How do I know? I've read about it, of course. In magazines.

Not only that, but I process the incoming periodicals at the library where I work, which means I can actually see them dwindling before my eyes. What once were fat monthly issues are now alarmingly thin. Monthlies have increasingly resorted to publishing double issues. New York, always my favorite weekly, now comes out every other week.

And once-loved titles are folding like crazy. Gourmet! Ladies Home Journal! Spin! All gone.

Growing up in the '60s, who could have imagined a world without magazines? No Life? No Look? Unthinkable! Magazines helped teach us to read. And explained the world to us. The Kennedy assassination? The first moon walk? We watched them on TV. But magazines helped us understand.

My first Highlights for Kids subscription meant that finally, I was a real reader.

How on earth could I have filled my "Man From Uncle" scrapbook without Tiger Beat?

And who can forget being old enough to subscribe to Mad Magazine? Now there was a milestone!

Growing up, I read my mother's copies of Redbook, Ladies Home Journal and McCalls and relished "Can this marriage be saved?" before I had any real idea of what a marriage actually was. And I snuck peaks at Dad's copies of Esquire, especially their annual "Dubious Achievement Awards," issue, even though the contents, went, for the most part, right over my head.

As a teen, when I began to babysit? The first thing I did after the little darlings fell asleep was locate the hidden Playboys (usually in the bedside table, the closet, or the bathroom) and marvel at those amazing "girls next door."

When I grew up, I looked forward to having my own McCalls subscription. (And, with any luck, my own Playboy-reading spouse.)

Some periodicals still manage to thrive. The last issue of Vogue was so big I could barely lift it, as fat with ads as the models within were skinny. (And so pungent with perfume ads you could smell it across the room.)

"People" will endure. We'll never grow tired of celebrity gossip. "Sports Illustrated" is still going strong. And Martha Stewart Wedding will undoubtedly be around as long as women dream of finding both Mr.
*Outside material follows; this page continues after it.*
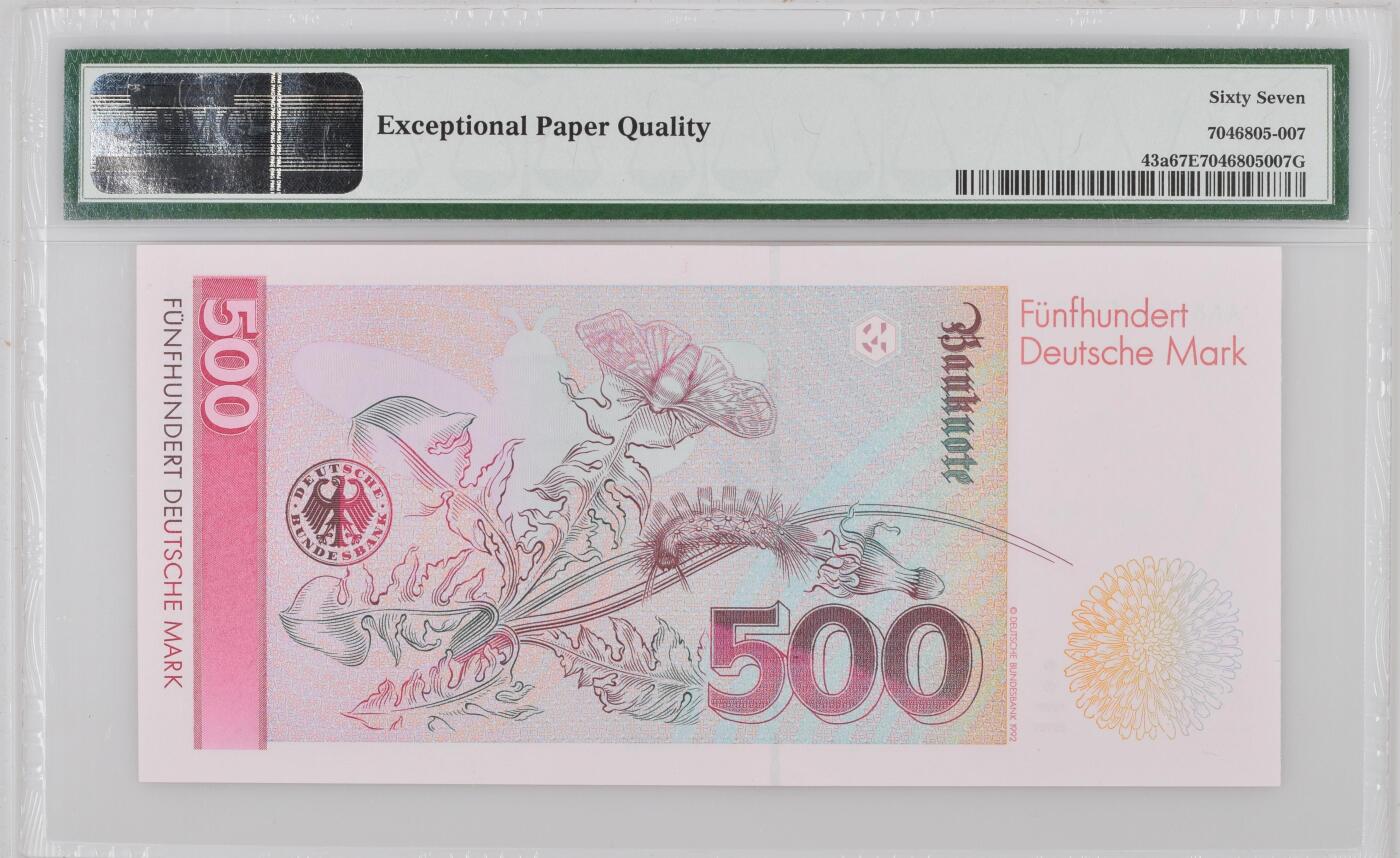 收藏联盟Quantum Auction 第369期拍卖  德国联邦1991年500马克AA冠 PMG67 号码无47 昆虫专家和画家 自然主义者梅里安
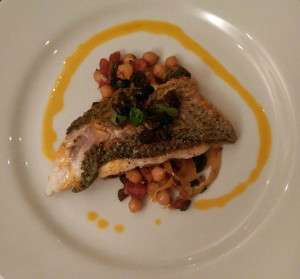 John Toulze of the girl & the fig's striped bass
Right and a fabulous gown to marry him in.

But U.S. News and World Report? McCalls? Newsweek? Gone.

I'm doing what I can to keep the magazine industry afloat. I subscribe to dozens. Time. Entertainment Weekly. Rolling Stone. Money. Out. New York. The Funny Times.
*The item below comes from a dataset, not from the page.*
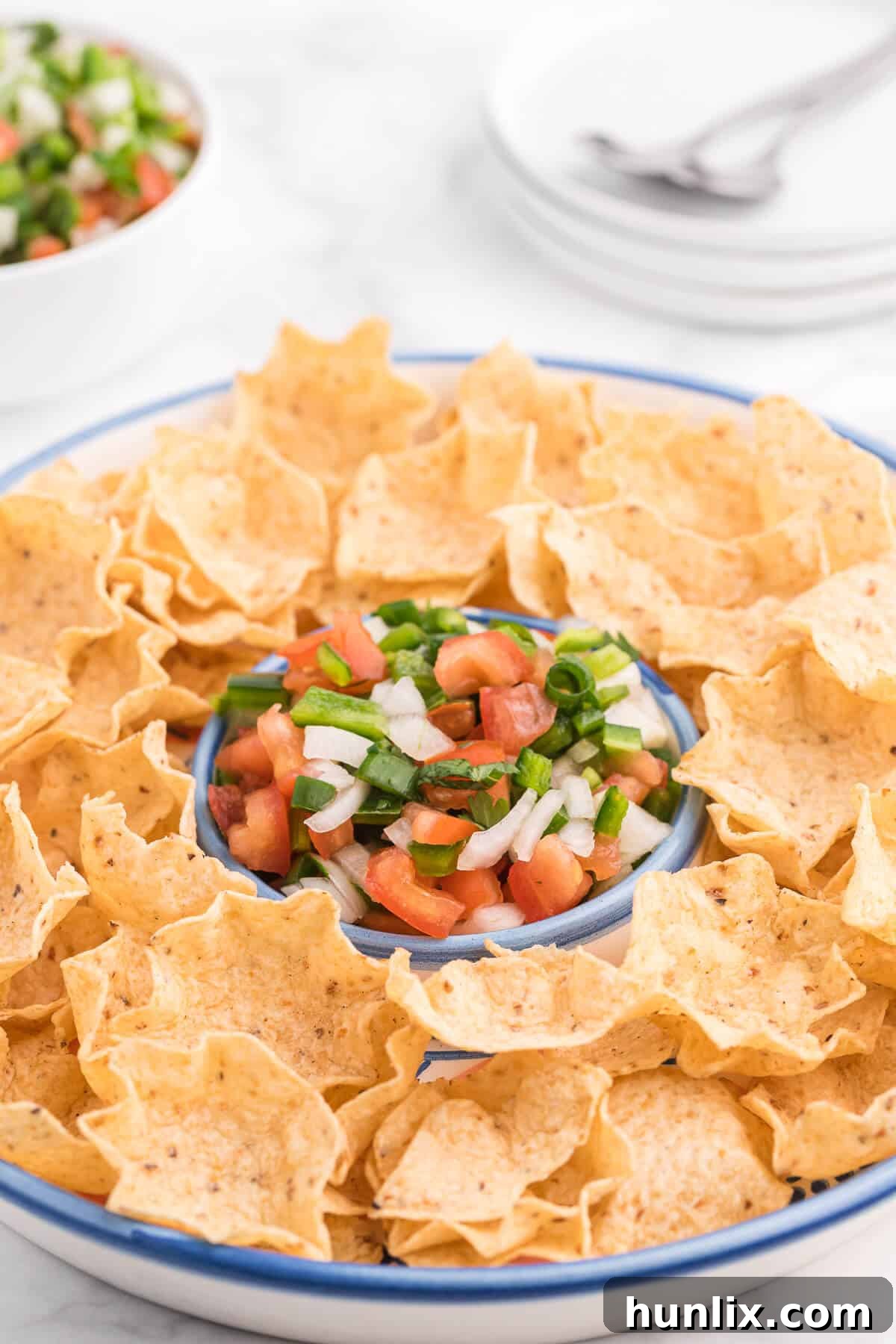 A vibrant bowl of fresh Pico de Gallo sits on a rustic wooden platter, surrounded by a generous pile of crispy tortilla chips, creating an inviting and classic appetizer display.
Others, I read at the library. Travel & Leisure. More. Oprah.

And, of coure, there's my guilty pleasure. I may be a librarian and an intellectual, but I subscribe to The National Enquirer. I blame Avi and Winifred, my doves. "It's pages are exactly the right size to line the birdcage!" I tell my friends. But the truth? I love my weekly fix of odd stories, health-related tips and juicy celebrity gossip.

Admittedly, I'm, by nature, rather retro. I'd rather walk than drive. I'd rather read a book than download it. And I don't even own a smart phone. I'm a dodo, a dinosaur, the remnant of the world I grew up in, where what you read on a page had more cultural heft than what you watched on a screen.

Sure, I waste hours online, just like you do. And I love the instantaneous pop (and terrific writing) of my favorite websites.

But at the end of the day? I still want to turn pages.

Every issue that lands in my mailbox these days carries an ad for an app that can download hundreds of magazines onto your smart phone or computer screen. Is this the future of the magazine? Instead of the pleasure of turning a page, the ease of scanning a screen?

Maybe so. But try to explain that to my doves.